- [PROBLEM]: Since the listing below shows pictures, leave them out and write out exactly the lines from the line with "Conservation Conversations: David" to the line with "a Roberto Parra", both included, and no others.

- [DATA SHOWN]:

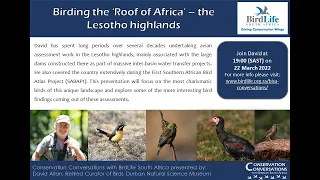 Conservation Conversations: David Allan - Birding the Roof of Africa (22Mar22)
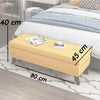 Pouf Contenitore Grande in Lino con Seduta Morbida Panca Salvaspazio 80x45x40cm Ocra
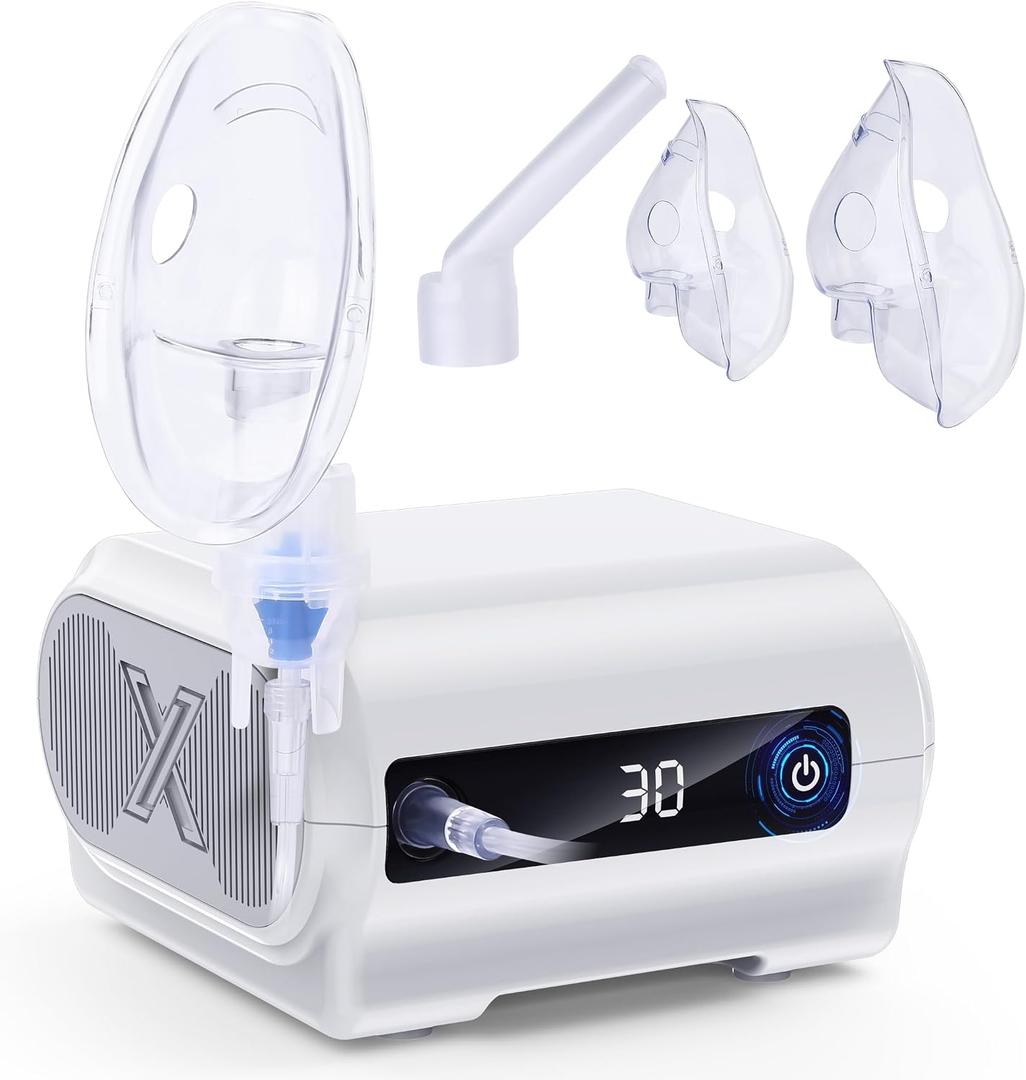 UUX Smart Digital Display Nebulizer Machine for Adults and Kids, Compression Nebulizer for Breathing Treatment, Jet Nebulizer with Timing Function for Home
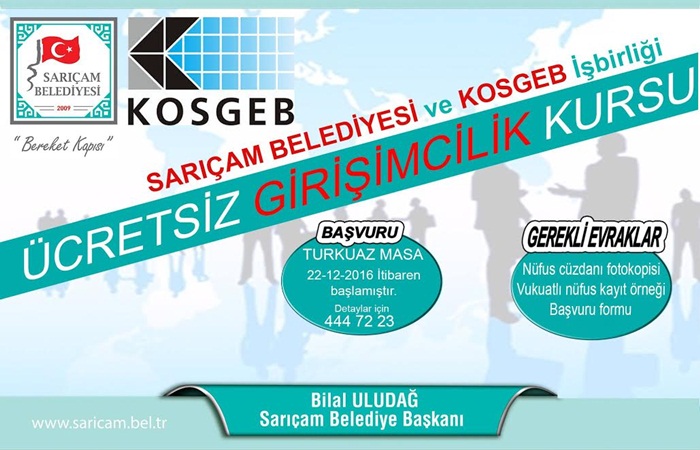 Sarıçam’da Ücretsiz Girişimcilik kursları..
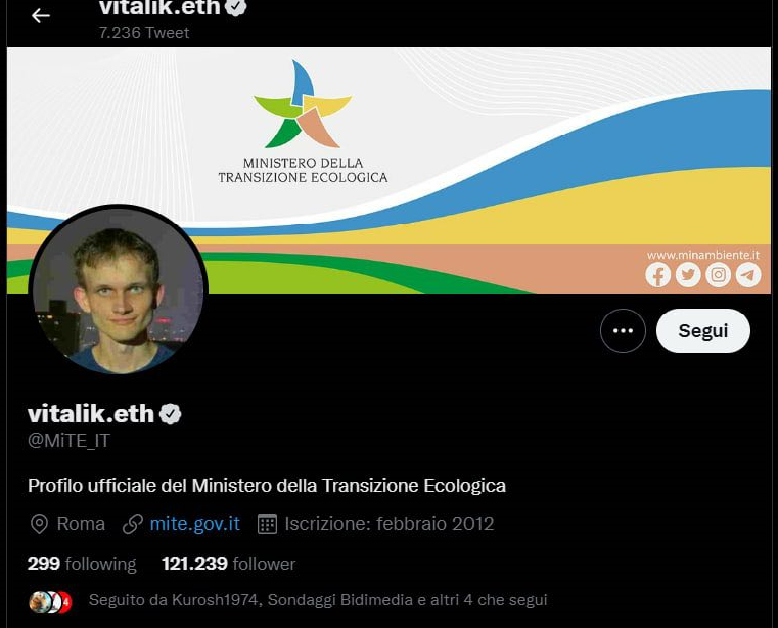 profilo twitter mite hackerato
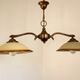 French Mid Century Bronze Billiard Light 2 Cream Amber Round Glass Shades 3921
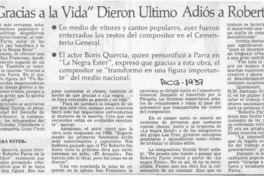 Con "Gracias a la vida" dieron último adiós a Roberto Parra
...
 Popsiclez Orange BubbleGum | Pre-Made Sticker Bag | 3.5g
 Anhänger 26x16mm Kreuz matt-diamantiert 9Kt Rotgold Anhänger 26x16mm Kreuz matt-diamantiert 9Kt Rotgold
* * *
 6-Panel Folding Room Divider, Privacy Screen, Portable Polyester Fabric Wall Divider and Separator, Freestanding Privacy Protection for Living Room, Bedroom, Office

- [SOLUTION TO THIS EXERCISE]:
 Conservation Conversations: David Allan - Birding the Roof of Africa (22Mar22)
 Pouf Contenitore Grande in Lino con Seduta Morbida Panca Salvaspazio 80x45x40cm Ocra
 UUX Smart Digital Display Nebulizer Machine for Adults and Kids, Compression Nebulizer for Breathing Treatment, Jet Nebulizer with Timing Function for Home
 Sarıçam’da Ücretsiz Girişimcilik kursları..
 profilo twitter mite hackerato
 French Mid Century Bronze Billiard Light 2 Cream Amber Round Glass Shades 3921
 Con "Gracias a la vida" dieron último adiós a Roberto Parra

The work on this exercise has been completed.